[Scraped caption text data]
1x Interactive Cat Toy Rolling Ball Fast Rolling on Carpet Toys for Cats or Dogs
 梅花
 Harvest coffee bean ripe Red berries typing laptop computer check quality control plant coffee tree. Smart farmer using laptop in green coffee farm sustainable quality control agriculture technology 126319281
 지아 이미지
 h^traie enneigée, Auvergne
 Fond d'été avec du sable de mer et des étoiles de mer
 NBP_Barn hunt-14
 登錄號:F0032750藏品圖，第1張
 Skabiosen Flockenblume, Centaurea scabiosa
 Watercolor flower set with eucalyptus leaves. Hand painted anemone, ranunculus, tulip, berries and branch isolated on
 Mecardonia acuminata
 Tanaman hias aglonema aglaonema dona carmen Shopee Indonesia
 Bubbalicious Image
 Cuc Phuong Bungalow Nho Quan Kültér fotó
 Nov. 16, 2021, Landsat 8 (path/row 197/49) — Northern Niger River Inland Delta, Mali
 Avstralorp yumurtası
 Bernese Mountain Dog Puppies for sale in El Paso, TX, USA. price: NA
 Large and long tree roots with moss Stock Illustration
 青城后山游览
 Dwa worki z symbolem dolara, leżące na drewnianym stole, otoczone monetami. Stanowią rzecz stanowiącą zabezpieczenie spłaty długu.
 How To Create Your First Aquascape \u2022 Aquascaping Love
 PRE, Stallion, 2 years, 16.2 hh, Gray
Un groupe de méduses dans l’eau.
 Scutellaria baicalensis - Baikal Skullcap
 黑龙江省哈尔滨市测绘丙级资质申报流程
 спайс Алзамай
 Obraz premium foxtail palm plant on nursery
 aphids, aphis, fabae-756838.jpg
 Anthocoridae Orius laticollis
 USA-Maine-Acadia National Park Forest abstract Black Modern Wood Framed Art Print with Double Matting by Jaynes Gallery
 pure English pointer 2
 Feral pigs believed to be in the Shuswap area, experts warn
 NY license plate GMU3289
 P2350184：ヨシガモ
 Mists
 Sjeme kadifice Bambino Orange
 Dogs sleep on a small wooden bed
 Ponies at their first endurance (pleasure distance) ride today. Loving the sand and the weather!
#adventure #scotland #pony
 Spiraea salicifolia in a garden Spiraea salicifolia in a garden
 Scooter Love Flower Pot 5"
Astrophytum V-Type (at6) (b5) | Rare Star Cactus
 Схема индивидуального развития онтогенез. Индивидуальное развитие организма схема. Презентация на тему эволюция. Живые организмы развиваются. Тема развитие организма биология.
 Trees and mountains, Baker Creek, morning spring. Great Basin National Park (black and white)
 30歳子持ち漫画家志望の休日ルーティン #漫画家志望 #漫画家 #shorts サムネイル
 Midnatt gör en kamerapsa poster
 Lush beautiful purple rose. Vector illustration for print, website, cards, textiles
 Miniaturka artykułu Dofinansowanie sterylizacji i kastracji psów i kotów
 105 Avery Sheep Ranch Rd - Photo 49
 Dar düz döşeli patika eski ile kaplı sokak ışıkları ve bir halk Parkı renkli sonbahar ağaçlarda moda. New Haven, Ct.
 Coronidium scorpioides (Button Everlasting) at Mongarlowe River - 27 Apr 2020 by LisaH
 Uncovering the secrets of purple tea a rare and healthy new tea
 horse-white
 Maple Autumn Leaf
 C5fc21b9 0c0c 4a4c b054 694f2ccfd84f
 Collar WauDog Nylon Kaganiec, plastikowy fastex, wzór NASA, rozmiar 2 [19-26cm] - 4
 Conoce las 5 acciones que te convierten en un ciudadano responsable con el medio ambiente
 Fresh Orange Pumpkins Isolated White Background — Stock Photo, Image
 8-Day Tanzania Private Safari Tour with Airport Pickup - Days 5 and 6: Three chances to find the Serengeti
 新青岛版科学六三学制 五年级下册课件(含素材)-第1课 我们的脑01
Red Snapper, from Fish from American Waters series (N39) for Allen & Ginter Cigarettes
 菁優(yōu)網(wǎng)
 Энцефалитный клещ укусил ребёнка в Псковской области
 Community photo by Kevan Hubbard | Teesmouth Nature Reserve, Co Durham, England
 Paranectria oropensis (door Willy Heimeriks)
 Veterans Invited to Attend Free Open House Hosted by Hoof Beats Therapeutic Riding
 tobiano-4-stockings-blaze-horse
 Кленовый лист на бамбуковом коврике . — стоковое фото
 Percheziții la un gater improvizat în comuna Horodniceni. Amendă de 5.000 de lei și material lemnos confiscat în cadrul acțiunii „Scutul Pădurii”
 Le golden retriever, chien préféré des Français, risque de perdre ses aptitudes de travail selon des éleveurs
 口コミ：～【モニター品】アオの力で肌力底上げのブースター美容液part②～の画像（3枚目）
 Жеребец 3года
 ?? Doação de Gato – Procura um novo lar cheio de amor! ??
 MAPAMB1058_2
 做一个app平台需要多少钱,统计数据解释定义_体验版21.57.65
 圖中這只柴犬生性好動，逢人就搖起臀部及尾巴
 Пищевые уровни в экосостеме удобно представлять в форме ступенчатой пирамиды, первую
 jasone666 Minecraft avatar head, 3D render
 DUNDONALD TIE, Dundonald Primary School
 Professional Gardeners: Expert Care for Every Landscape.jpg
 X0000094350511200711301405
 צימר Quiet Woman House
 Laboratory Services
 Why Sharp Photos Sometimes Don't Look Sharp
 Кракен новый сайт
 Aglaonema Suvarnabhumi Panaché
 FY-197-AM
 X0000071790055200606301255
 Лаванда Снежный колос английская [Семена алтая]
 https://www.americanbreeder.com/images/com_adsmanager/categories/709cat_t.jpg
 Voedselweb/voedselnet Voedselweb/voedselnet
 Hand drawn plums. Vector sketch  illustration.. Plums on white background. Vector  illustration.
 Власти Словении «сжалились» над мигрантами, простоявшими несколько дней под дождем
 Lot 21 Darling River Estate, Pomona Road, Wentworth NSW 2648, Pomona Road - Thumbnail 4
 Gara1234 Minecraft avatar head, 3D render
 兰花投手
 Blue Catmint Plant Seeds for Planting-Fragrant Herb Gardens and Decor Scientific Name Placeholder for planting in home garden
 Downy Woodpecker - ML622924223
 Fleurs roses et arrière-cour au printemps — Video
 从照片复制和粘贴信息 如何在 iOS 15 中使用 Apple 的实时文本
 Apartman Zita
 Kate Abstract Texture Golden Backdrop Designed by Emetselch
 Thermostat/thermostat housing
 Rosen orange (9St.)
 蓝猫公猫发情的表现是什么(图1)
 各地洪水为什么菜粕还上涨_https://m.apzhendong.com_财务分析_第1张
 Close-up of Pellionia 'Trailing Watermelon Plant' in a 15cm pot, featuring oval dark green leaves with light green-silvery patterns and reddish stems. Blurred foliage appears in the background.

#### [Exercise prompt]
Find the lines above that contain the word "avatar" and collect them.

#### [Task answer]
 jasone666 Minecraft avatar head, 3D render
 Gara1234 Minecraft avatar head, 3D render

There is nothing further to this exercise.